Some Single Judge Decisions on Global Awards
- A number of single judge decisions have considered the issue. In Perfect v MacDonald, for example, McMeekin J said:
While the precise point may not have arisen in the past Mr Crow SC has referred me to three decisions where the section has been considered, two of the Court of Appeal. In both of those latter decisions the Court plainly accepted that it was appropriate to adopt the principles explained in Malec when arriving at a global assessment. There was no suggestion that there had been any alteration of the common law brought about by the enactment of s 55.
- In Nucifora v AAI Limited the same judge said that it may be doubted that s 55(3) of the Act has affected any change to the position at common law and that the usual principles continue to apply.
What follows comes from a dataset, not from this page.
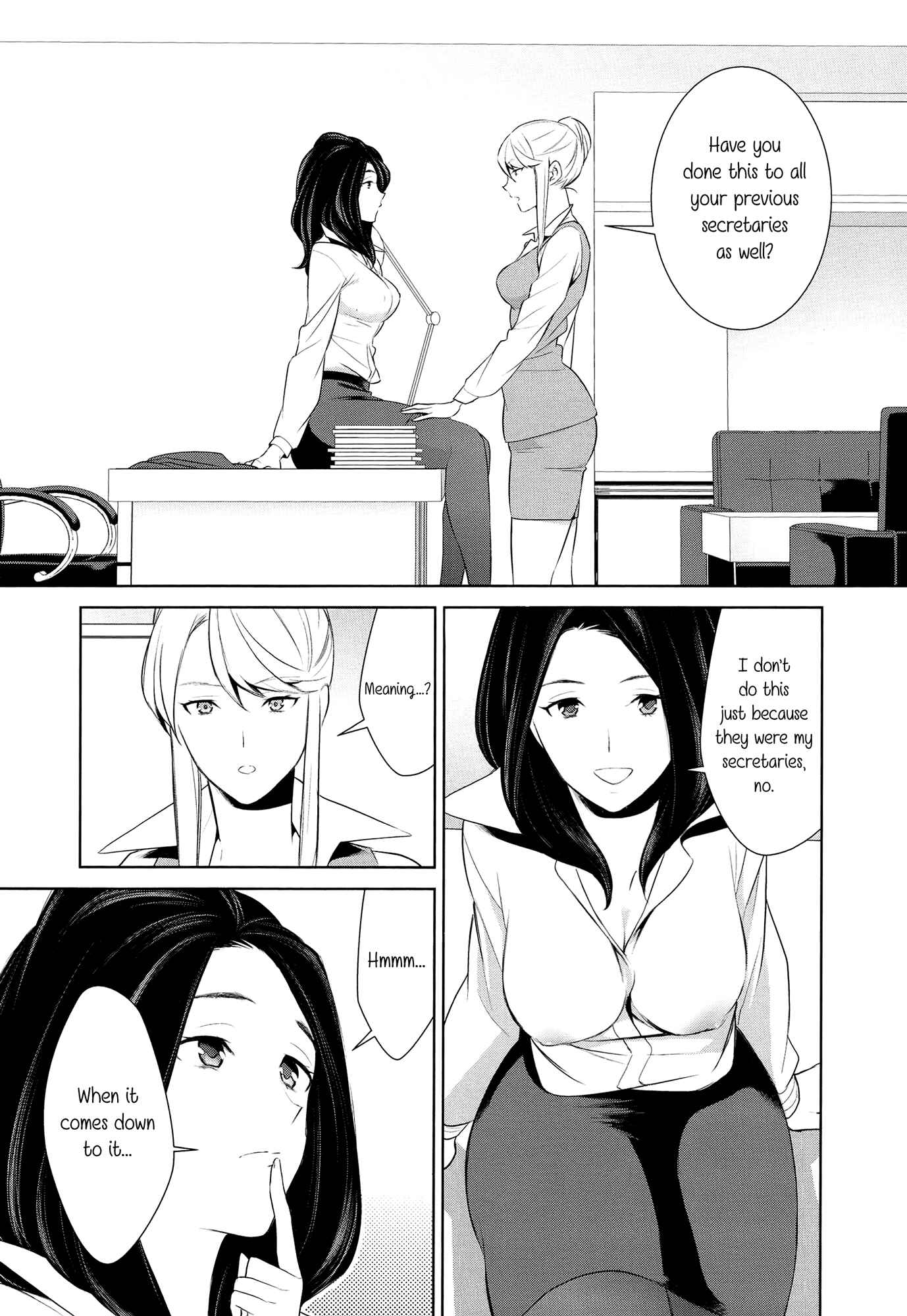 Page 14 Chapter 2 Dont Make Me So Turned On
- A similar view was adopted by McMeekin J in Brown v Holzberger. That case involved more than modest global claims. The plaintiff sought $65,000 for past economic loss and $750,000 for future economic loss. The defendant was prepared to submit to awards of $45,000 and $450,000 respectively. After referring to the three Court of Appeal decisions and his own reasons in Nucifora, His Honour took the view that the methodology need not include an explicit statement of a formula, and that an ‘experienced guess’ was sufficient. For those two propositions, His Honour relied on Reardon-Smith v Allianz Australia Insurance Ltd and Ballesteros v Chidlow. His Honour proceeded to award $55,000 for past economic loss and $500,000 for future economic loss on a global basis.
- That decision appears to extend what is contemplated by s 55 of the Act and the three Court of Appeal decisions. The methodology and assumptions on which the award is based are required to be stated. The reasons of Keane JA were limited to cases of modest awards, where the lost chance of substantial financial benefit was so slight as to be almost negligible’ and where the award was modest. In those cases, it was a sufficient statement of methodology to merely refer to the principles in Malec’s case.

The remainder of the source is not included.